YOUR ASSIGNMENT. Below are entries. Copy exactly the lines running from the line that holds "mode pas chere" to the line that holds "Normes de la", with both ends included.

Saved data entries

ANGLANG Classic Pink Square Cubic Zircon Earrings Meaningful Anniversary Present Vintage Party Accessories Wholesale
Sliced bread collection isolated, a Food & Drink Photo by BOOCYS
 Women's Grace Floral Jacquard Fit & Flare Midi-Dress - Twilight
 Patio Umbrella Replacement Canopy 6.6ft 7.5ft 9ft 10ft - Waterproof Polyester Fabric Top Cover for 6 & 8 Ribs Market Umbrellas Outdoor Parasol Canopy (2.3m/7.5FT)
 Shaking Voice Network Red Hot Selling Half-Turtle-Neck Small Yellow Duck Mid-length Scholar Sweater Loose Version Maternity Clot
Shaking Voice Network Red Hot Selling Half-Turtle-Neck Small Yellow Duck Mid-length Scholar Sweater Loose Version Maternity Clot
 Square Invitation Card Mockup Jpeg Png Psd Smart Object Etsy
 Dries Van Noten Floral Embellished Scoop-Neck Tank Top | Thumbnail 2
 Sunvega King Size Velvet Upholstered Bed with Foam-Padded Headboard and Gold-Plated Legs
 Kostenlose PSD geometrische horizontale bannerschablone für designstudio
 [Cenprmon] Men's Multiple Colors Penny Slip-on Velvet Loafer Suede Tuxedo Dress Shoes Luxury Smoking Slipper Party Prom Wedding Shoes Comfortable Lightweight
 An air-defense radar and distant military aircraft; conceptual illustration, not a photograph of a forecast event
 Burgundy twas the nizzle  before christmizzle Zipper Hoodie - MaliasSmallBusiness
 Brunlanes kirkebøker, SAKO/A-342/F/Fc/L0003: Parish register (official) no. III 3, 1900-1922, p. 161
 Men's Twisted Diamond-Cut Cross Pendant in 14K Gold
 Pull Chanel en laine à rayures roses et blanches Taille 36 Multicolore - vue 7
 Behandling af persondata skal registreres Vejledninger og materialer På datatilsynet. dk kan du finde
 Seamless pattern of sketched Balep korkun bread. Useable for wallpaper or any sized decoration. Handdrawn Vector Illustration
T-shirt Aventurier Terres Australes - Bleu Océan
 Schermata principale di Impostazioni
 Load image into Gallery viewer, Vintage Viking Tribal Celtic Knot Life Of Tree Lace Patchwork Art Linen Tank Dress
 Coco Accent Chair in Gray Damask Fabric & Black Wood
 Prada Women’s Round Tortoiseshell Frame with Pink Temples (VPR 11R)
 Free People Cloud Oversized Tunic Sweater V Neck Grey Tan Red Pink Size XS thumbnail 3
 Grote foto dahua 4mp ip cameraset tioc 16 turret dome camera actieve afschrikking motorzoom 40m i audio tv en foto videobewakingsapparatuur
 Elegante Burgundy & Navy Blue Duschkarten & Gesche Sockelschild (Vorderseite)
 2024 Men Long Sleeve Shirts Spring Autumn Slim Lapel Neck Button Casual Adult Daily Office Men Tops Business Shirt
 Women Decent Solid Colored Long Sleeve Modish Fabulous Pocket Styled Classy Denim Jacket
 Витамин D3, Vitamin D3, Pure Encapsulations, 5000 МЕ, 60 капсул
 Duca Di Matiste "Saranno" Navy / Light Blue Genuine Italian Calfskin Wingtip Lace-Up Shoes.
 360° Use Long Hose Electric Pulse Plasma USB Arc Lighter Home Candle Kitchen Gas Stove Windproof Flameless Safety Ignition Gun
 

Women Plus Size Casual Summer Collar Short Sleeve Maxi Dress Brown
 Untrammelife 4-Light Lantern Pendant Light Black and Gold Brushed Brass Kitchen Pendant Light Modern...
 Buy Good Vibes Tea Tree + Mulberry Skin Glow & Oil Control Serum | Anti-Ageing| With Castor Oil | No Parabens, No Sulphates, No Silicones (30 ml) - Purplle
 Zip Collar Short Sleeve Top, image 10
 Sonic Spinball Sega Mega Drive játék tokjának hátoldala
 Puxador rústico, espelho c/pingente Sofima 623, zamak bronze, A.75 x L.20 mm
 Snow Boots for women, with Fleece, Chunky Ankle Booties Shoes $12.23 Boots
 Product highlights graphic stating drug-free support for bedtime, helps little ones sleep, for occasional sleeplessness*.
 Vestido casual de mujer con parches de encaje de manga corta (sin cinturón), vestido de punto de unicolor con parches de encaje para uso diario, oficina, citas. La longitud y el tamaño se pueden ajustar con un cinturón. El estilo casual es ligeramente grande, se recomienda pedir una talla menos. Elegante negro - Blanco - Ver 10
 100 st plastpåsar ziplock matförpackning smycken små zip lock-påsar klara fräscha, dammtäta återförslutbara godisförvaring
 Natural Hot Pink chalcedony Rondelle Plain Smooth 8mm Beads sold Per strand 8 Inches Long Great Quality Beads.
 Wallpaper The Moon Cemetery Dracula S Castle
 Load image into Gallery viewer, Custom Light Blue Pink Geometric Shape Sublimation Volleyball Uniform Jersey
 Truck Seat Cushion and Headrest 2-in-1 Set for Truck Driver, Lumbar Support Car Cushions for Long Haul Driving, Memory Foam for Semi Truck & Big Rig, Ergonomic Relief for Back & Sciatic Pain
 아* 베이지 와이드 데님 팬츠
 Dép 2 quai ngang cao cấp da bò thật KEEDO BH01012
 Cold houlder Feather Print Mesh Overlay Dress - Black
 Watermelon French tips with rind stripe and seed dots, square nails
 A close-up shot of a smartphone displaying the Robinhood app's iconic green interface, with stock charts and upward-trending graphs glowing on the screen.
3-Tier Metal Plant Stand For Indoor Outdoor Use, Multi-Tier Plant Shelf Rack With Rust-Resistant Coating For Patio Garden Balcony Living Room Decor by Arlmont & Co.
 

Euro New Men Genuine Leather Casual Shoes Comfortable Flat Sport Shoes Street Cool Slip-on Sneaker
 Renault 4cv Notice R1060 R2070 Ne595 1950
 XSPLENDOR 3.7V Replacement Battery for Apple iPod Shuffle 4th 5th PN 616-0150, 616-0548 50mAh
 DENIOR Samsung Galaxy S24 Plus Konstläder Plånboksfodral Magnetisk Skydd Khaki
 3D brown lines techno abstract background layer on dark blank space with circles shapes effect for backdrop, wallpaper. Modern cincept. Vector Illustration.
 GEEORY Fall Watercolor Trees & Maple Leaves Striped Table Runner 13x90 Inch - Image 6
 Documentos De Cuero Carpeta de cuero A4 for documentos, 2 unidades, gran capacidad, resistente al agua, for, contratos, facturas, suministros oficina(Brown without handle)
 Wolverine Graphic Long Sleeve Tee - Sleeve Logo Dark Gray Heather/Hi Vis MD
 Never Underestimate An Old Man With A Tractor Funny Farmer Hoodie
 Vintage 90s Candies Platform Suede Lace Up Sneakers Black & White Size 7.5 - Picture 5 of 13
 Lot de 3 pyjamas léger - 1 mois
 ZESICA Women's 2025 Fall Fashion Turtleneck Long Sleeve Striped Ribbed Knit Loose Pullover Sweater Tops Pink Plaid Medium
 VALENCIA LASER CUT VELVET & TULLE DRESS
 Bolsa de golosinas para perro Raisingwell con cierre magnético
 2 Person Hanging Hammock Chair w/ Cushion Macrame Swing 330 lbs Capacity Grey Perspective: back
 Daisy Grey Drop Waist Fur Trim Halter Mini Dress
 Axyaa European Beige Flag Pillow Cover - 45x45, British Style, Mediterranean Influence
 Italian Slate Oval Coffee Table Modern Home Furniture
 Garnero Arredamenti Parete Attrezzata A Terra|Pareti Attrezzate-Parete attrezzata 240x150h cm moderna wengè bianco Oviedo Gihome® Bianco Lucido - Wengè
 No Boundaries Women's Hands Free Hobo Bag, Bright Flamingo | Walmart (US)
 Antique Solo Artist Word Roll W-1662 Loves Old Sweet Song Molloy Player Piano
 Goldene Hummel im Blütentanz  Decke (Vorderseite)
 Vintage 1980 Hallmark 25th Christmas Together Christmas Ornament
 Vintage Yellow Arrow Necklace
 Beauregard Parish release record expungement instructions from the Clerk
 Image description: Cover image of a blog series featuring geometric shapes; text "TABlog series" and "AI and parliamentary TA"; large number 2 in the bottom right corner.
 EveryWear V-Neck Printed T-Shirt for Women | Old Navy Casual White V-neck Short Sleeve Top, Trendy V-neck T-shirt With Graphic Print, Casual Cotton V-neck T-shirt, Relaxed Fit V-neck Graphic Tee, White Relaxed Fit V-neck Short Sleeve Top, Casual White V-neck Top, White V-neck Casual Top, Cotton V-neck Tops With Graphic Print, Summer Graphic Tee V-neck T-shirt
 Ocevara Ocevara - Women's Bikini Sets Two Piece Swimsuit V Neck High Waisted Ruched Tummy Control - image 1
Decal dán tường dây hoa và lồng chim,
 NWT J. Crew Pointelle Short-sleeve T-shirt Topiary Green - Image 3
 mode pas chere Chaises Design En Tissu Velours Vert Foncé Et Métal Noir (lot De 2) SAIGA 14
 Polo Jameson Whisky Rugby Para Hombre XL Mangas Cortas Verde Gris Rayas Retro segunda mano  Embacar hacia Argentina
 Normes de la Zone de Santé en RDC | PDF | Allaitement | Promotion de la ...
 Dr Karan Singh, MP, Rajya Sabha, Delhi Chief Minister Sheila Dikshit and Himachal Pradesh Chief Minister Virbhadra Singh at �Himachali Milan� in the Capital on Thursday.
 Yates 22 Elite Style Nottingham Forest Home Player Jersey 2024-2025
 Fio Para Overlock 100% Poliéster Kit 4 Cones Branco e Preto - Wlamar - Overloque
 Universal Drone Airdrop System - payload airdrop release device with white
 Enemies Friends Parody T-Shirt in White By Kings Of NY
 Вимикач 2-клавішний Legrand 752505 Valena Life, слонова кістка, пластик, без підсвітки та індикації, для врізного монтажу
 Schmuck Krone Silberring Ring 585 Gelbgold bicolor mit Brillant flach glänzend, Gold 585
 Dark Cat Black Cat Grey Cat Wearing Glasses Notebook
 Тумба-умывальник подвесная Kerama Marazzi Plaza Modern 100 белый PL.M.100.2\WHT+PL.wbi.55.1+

SOLUTION TO THIS PROBLEM.
 mode pas chere Chaises Design En Tissu Velours Vert Foncé Et Métal Noir (lot De 2) SAIGA 14
 Polo Jameson Whisky Rugby Para Hombre XL Mangas Cortas Verde Gris Rayas Retro segunda mano  Embacar hacia Argentina
 Normes de la Zone de Santé en RDC | PDF | Allaitement | Promotion de la ...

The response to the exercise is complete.